▶ [Exercise requirements]: Return, unchanged and with no pictures, the lines below from the very first through the one that contains "2026 Ford Bronco".
[Start of section]
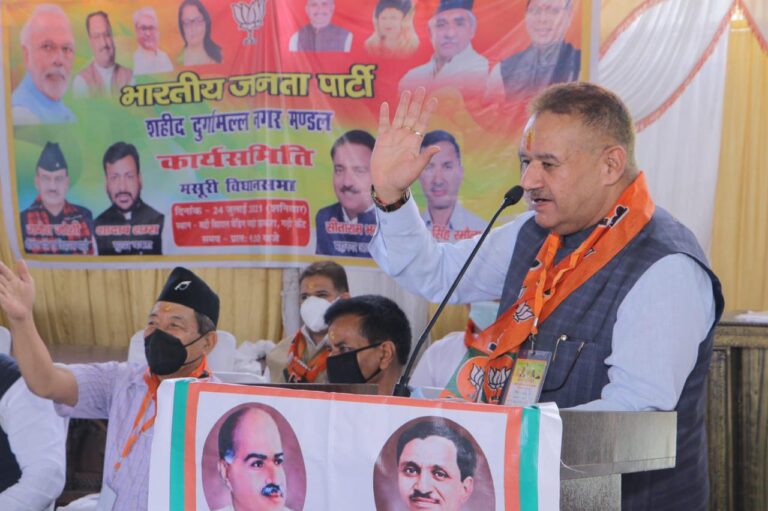 कैबिनेट मंत्री गणेश जोशी ने डाकरा, गढ़ी कैंट एक वेडिंग प्वाइंट में शहीद दुर्गामल्ल नगर मंडल कार्यसमिति क़ो किया सम्बोधित कैबिनेट मंत्री गणेश जोशी ने डाकरा, गढ़ी कैंट एक वेडिंग प्वाइंट में शहीद दुर्गामल्ल नगर मंडल कार्यसमिति क़ो किया सम्बोधित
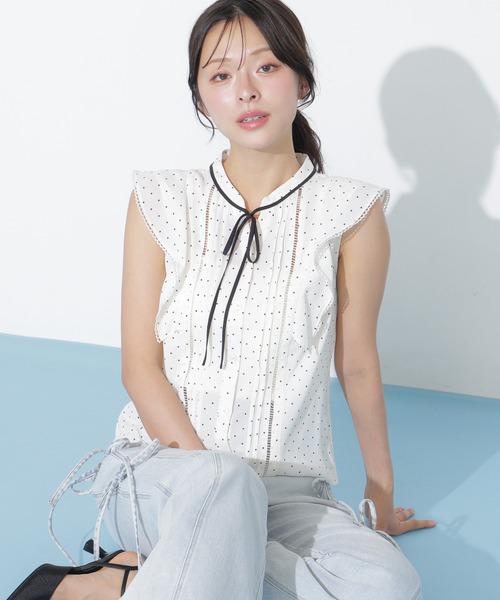 JILL by JILL STUART(ジルバイジルスチュアート)の「ハシゴレースフリル袖ブラウス(シャツ/ブラウス・レディース・ブルー/ホワイト/ホワイト系その他・FREE)」の5枚目の写真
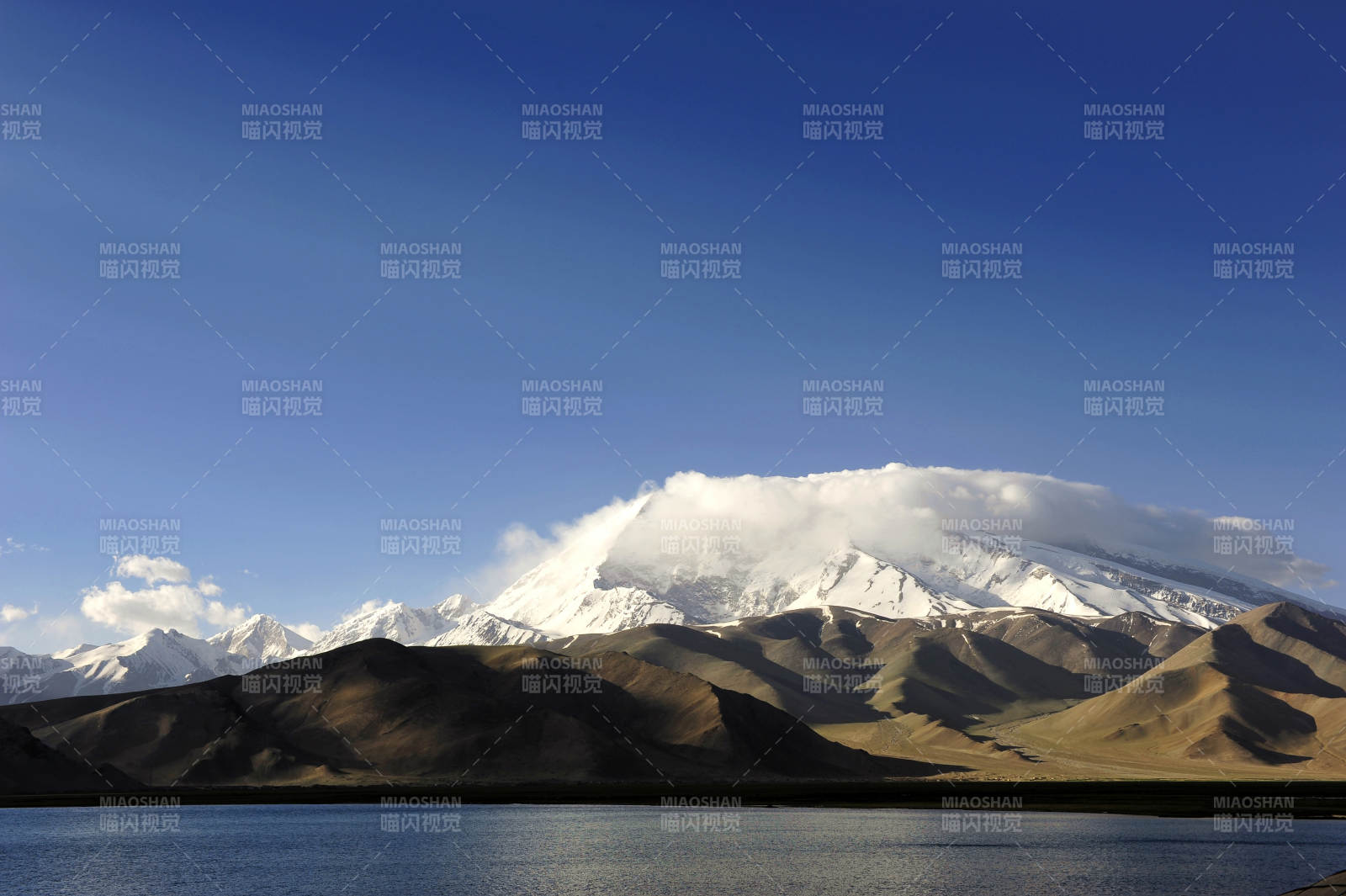 雪山映湖 云绕峰巅图片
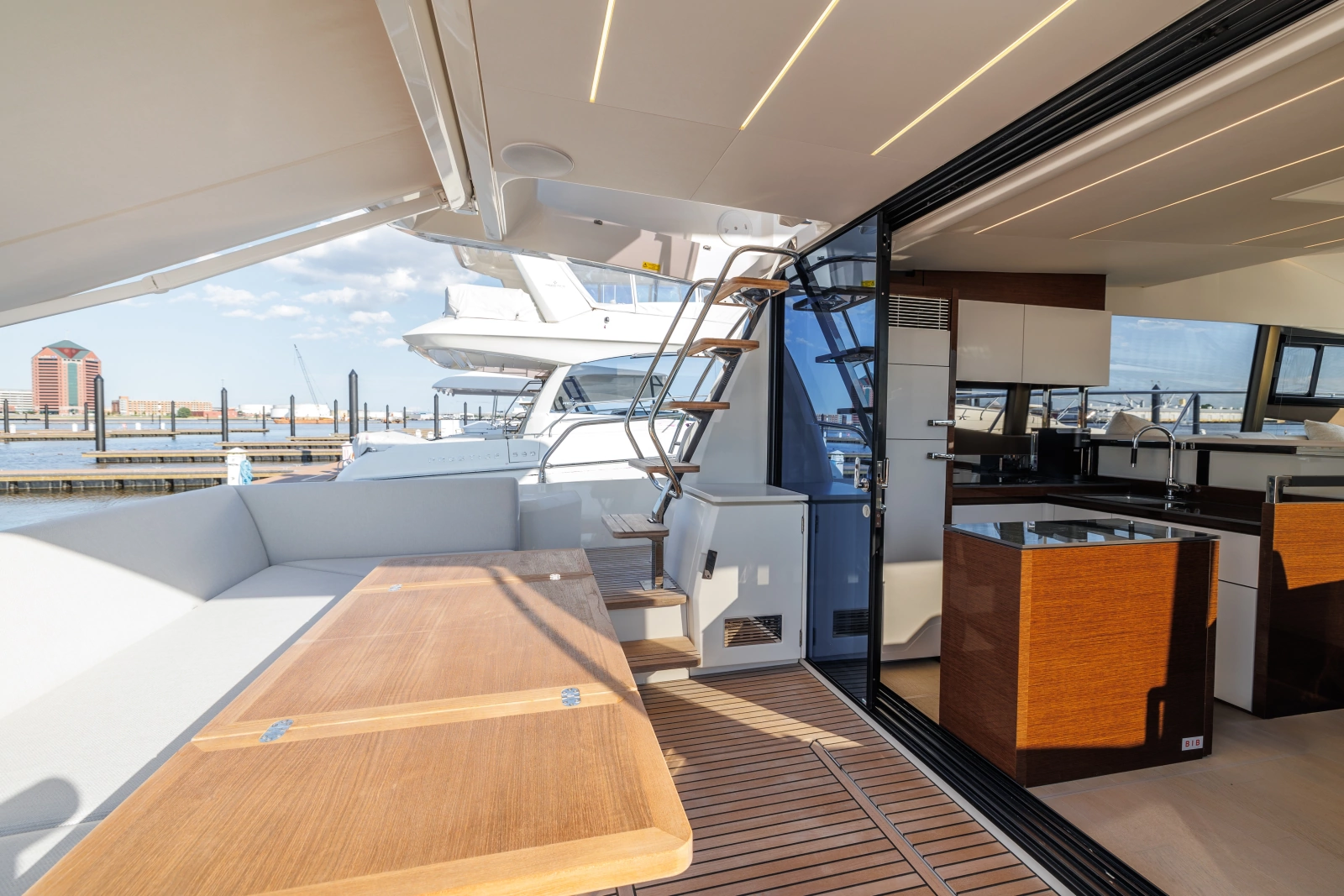 2026 Prestige 520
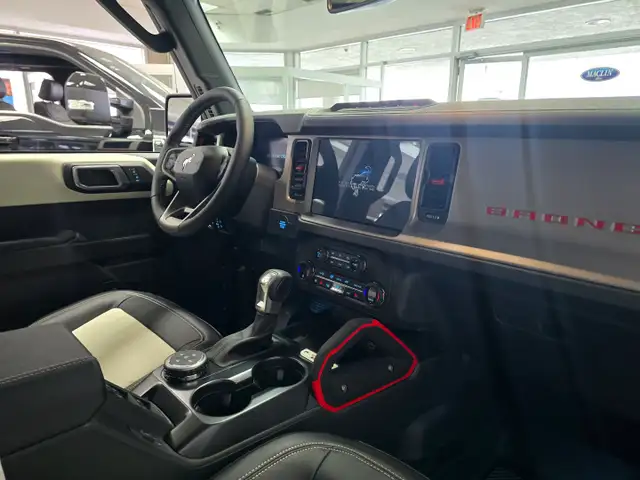 2026 Ford Bronco OUTERBANKS | 60TH ANNIVERSARY PACKAGE - Photo 23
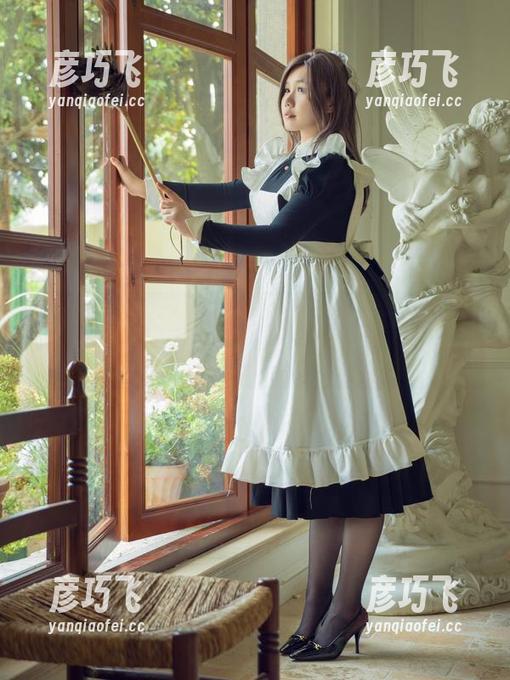 麻花麻花酱 女仆形象竟是麻花麻花酱的另一种自我,原图与照片的拼贴美妙交融着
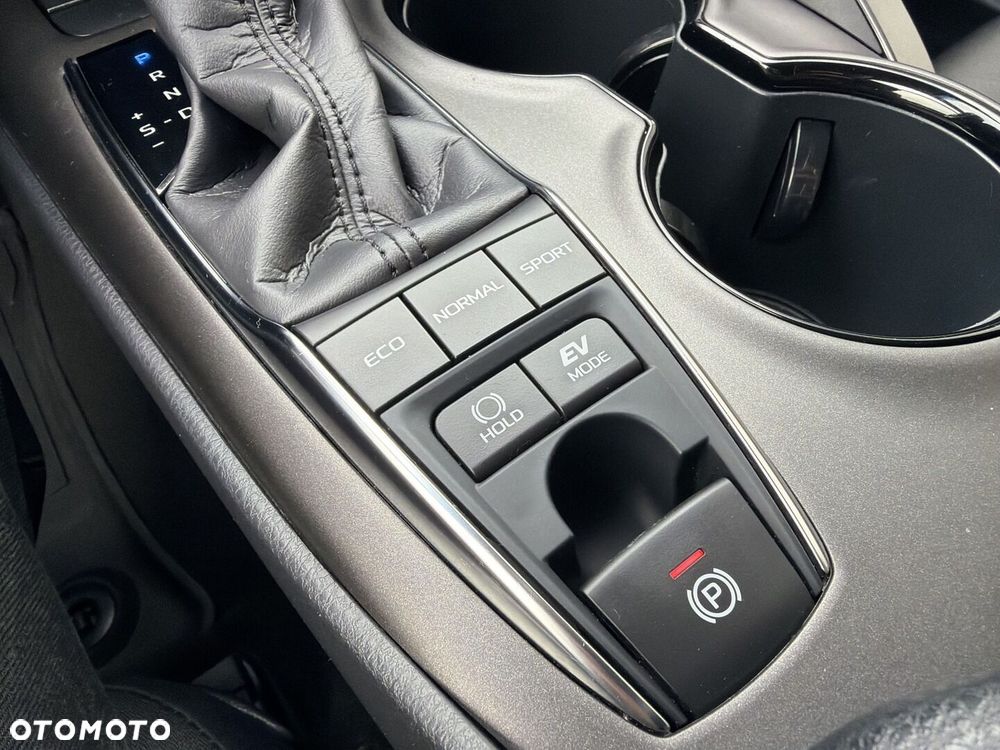 Toyota Camry 2.5 Hybrid Comfort CVT - 18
[End of section]
▶ [Written response]:
 कैबिनेट मंत्री गणेश जोशी ने डाकरा, गढ़ी कैंट एक वेडिंग प्वाइंट में शहीद दुर्गामल्ल नगर मंडल कार्यसमिति क़ो किया सम्बोधित कैबिनेट मंत्री गणेश जोशी ने डाकरा, गढ़ी कैंट एक वेडिंग प्वाइंट में शहीद दुर्गामल्ल नगर मंडल कार्यसमिति क़ो किया सम्बोधित
 JILL by JILL STUART(ジルバイジルスチュアート)の「ハシゴレースフリル袖ブラウス(シャツ/ブラウス・レディース・ブルー/ホワイト/ホワイト系その他・FREE)」の5枚目の写真
 雪山映湖 云绕峰巅图片
 2026 Prestige 520
 2026 Ford Bronco OUTERBANKS | 60TH ANNIVERSARY PACKAGE - Photo 23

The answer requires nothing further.